● Exercise brief
Between the line containing "Gorkhaland Map" and the line containing "Видео: Простая схема" lies a run of lines; give that run again exactly, with both of those lines, and nothing else from the entries below.

● Data
+++++

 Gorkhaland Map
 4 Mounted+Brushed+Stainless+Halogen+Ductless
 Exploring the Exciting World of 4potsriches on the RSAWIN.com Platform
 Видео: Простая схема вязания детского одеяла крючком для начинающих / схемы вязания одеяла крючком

+++++

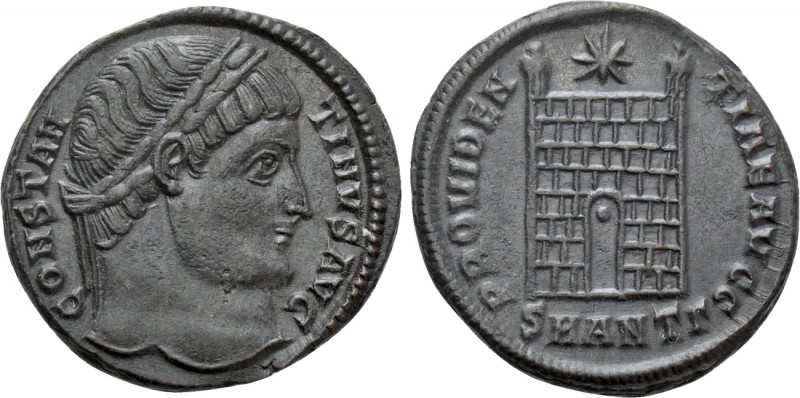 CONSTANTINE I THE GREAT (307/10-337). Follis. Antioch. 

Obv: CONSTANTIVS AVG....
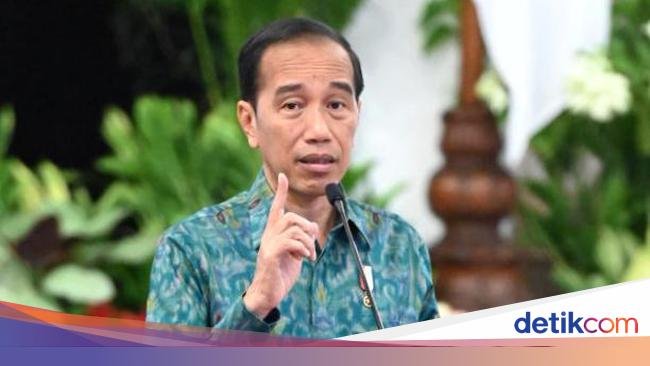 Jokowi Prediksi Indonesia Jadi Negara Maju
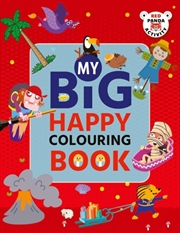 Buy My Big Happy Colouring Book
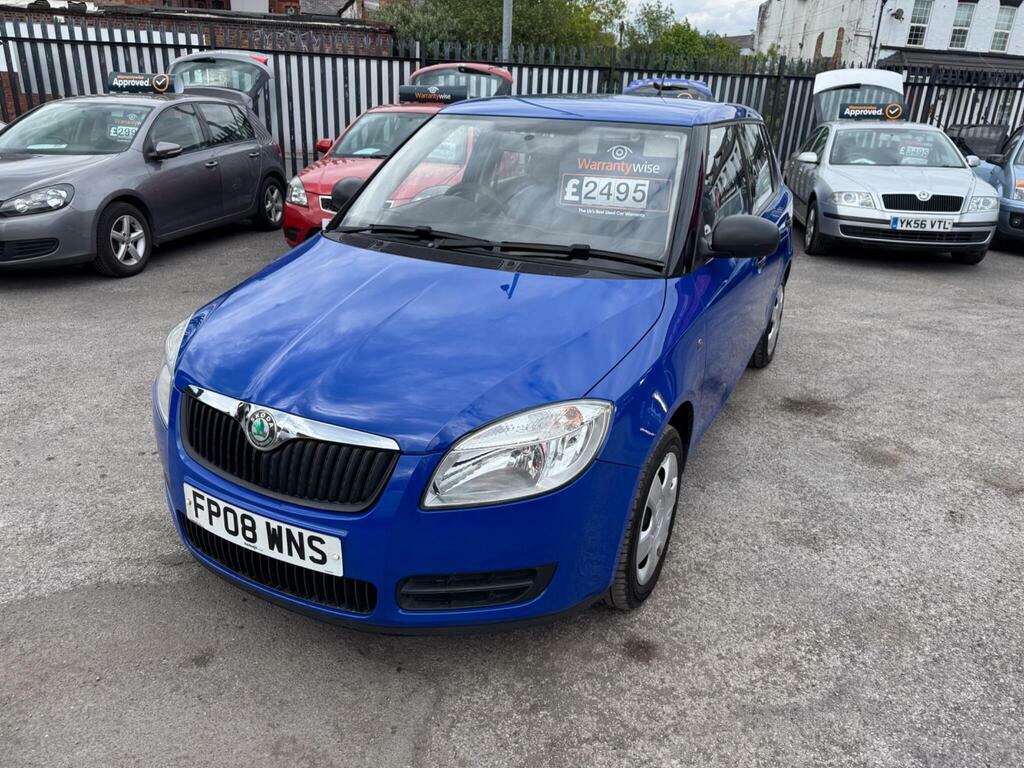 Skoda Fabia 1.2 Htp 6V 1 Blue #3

+++++

● Problem solution
 Gorkhaland Map
 4 Mounted+Brushed+Stainless+Halogen+Ductless
 Exploring the Exciting World of 4potsriches on the RSAWIN.com Platform
 Видео: Простая схема вязания детского одеяла крючком для начинающих / схемы вязания одеяла крючком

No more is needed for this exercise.